The 25-hour vigil began yesterday at noon on the University of Arizona Mall, amidst flickering candles and Holocaust posters blowing over during strong gusts of wind.
The conference, themed "From Tragedy Comes Triumph," is sponsored by the Hillel Foundation.
"I'm pleased to participate in this memorial - it's appropriate for me to participate and pause and remember the victims and their significance for all of humankind," Likins said.
Likins said his speech was impromptu because he wanted to "speak from the heart."
"If a speech is spontaneous, it's seen as being more genuine," he said.
Likins, who is Catholic, gave his short speech before starting the vigil by reading 20 names of Holocaust victims to a crowd of about 30 students.
"By the end of the vigil we will have had a couple hundred students reading more than 20,000 names," vigil coordinator Brad Shank said. "We want to have remembrance in their minds so that nothing like this ever happens again."
Hillel's Conference on the Holocaust is held as a reminder of one of history's darkest moments, and to help prevent future acts of genocide, Shank said.
"When I see this, I hope that the mistakes of the past will not repeat themselves," said Abraham Galadima, a soil and water sciences graduate student.

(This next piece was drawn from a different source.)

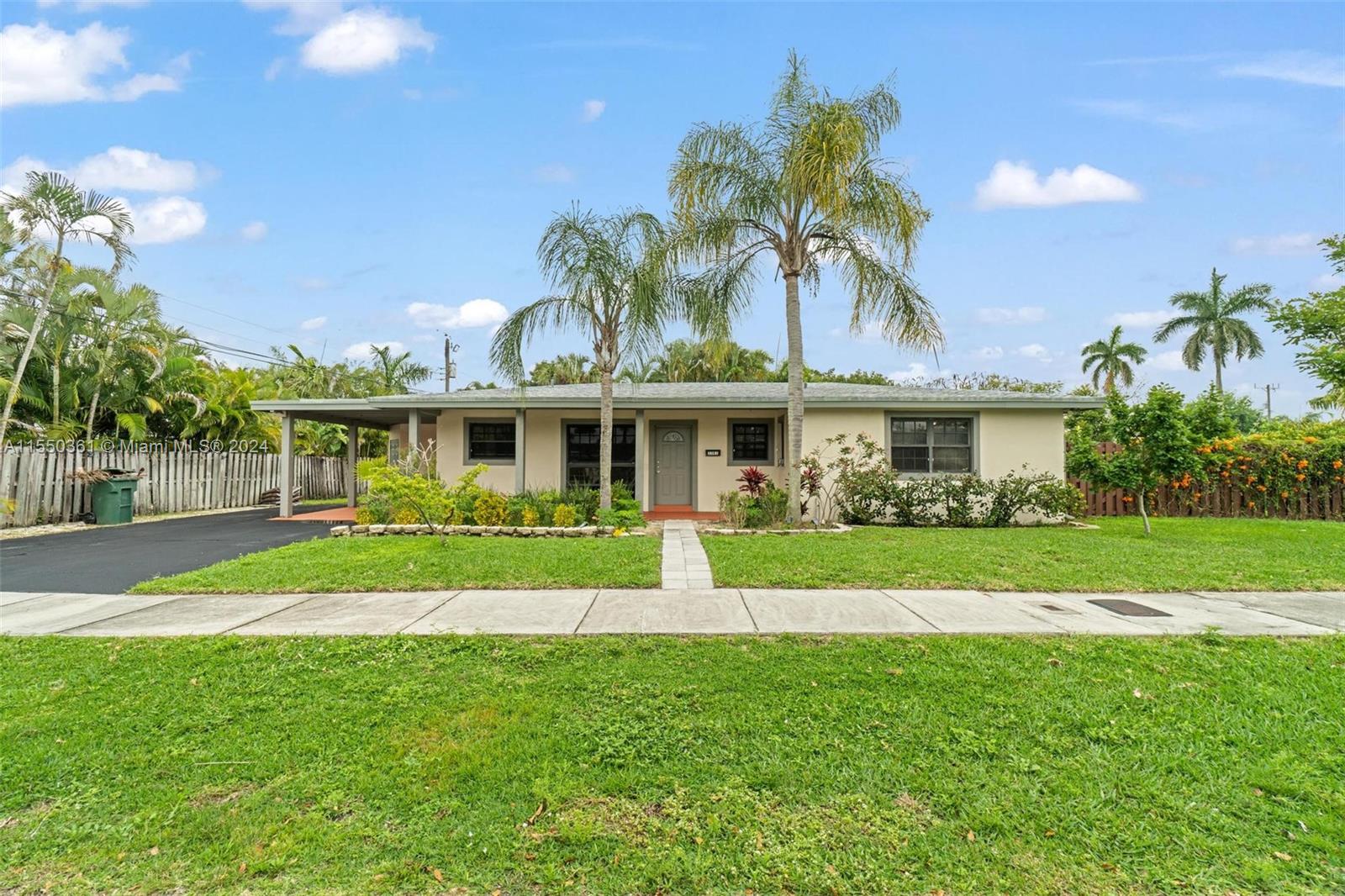 3381 Sw 18th St, Fort Lauderdale, Broward County, Florida - 4 Bedrooms  
2 Bathrooms -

Likins said that the Holocaust was "symbolic of behavior that sullies us all, scars us all and diminishes us all."
Shank, a history sophomore, said that the University of Arizona campus does not have a problem with anti-Semitism.
"We're lucky to have a diverse campus that is allowing of different people," he said.
"It's sad that the American government and the governments around the world allowed the Holocaust to happen," Shank said. "(The Conference) makes me hope that something like this cannot happen again."
The Holocaust victims were not limited to Jews - Poles, Russians, gays and lesbians, gypsies, Jehovah's Witnesses and the incurably sick were also persecuted during Adolf Hilter's Nazi regime.
"This is about educating people on what's happening in different religions and cultures," said Michael Benveniste, a political science junior. "It indirectly makes the campus open for effective communication."
Despite predictions that storms will hit Tucson with more hard rain and wind, the vigil will continue until 1 p.m. today.
"I have a tent and a space heater. We're staying out," Shank said.